Not Quite An Artist? Marcus Westbury Interview
Skynoise blogger Jean Poole recently interviewed Marcus Westbury - the Robert Hughes of Gen X, and host of Not Quite Art, a TV series on the Australian Broadcast Corporation channel that investigates the relationship between contemporary culture and artistic production.
The second series of Not Quite Art can still be downloaded from the ABC website – if you live in Australia. If the following extract of the interview piques your interest, you can read the full interview after the jump.
Not Quite Art returned to ABC TV with another cracker of a series. Once again, host Marcus Westbury dons the curatorial rubber gloves and unearths an eccentric and engaging medley of characters and practices. Should probably include a disclaimer for having lived in a sharehouse, edited a student magazine and organised festivals with Marcus, but don’t let any of my lingering dishwashing, editing or festival organising biases unnecessarily taint or glorify the show, check it out for yourself : Tue @ 10pm ABC, or abc.net.au/tv/notquiteart.
You are in a small, noisy, Melbourne laneway bar. Current one-liner for describing the new series?
It’s about how technology is changing our cultural geography – what our culture is, where it comes from and who is making it. Alternately, it could just be described as an arts series featuring a lot of people who are antisocial, don’t smell great and don’t get out much.
What went smoother second time around?
I knew what to expect a little bit more. With the first series I felt a lot like a work experience guy hanging out with TV people, this time I felt a lot more like I knew what I was doing and what to expect. I think I’m a little more confident in front of the camera this time around – there was a bit of rabbit caught in the headlights about the first series!
Despite all the necessary pre-planning, which interviewees actually surprised you?
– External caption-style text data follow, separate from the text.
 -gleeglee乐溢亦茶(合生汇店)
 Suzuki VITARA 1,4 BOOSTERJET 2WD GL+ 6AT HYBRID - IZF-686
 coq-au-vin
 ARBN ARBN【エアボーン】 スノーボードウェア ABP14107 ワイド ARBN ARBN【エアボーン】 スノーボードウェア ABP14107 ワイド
A few of the surprises were just in the chance to grab people I didn’t think we’d get a chance to interview. We interviewed Lawrence Lessig (founder of Creative Commons) in Singapore by basically going to his talk and begging after all the media people said they didn’t think it would happen.
Some of the surprises were on the negative side. Often when you sit down and talk to people without a camera they’re far more engaging than when you turn up with a crew and make them do the same thing three times and they worry about who might be listening to what they say.
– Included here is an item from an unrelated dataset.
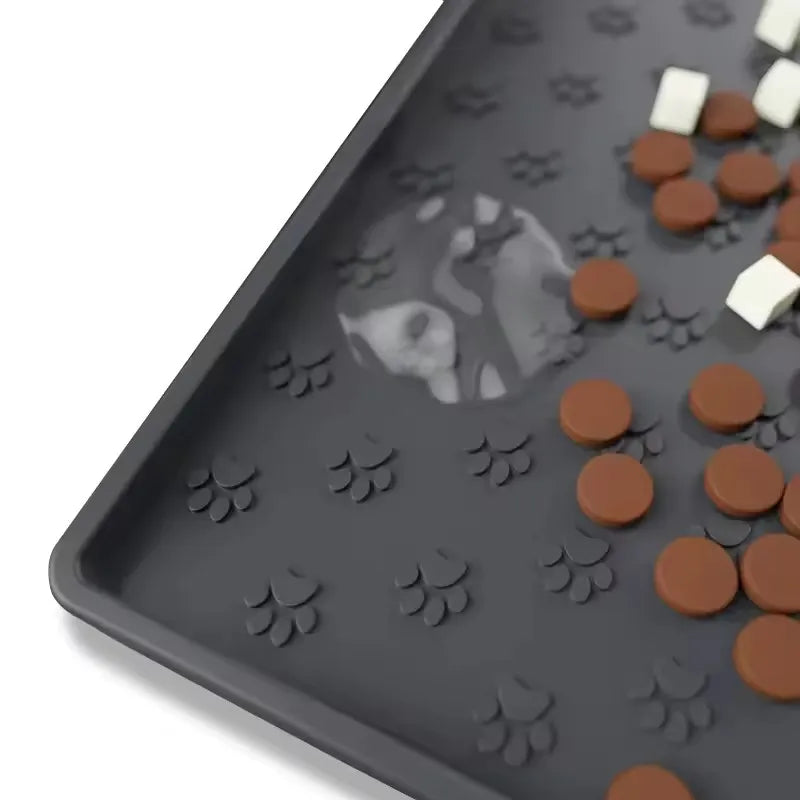 Tapis de protection en silicone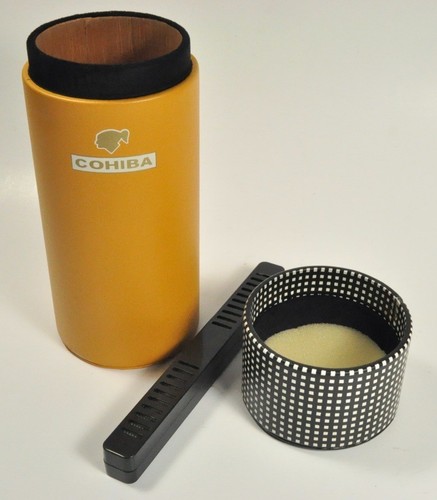Cohiba portasigari humidor - portasigari,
The show is fantastic, the website less so. Are there any broader plans to flesh out the ABC website for it? ( eg links to the people interviewed )
No – it’s basically a question of process and resources and a series like this tends to fall between the cracks a little. I’m pretty handy with HTML and offered to do all that stuff myself to both ABC TV and ABC online but neither took me up on it. It’s a shame because if ever a series should have a decent online presence it’s this one.
And what does the ABC management have to say about the irony of a series that champions the internet, being unviewable online outside Australia?
A lot of the issues are due to nervous lawyers and copyright law. Officially, the ABC has a thirty day exclusive right to make the program available for download. After that I hope to make a version available for download under Creative Commons for International audiences. Although that is currently with the lawyers and my slightly apprehensive producer. Failing that, to anyone who is outside Australia and can’t get hold of a legitimate copy through legal channels, all I can say is PLEASE PIRATE THIS SERIES. I implore you to. Proliferate it far and wide!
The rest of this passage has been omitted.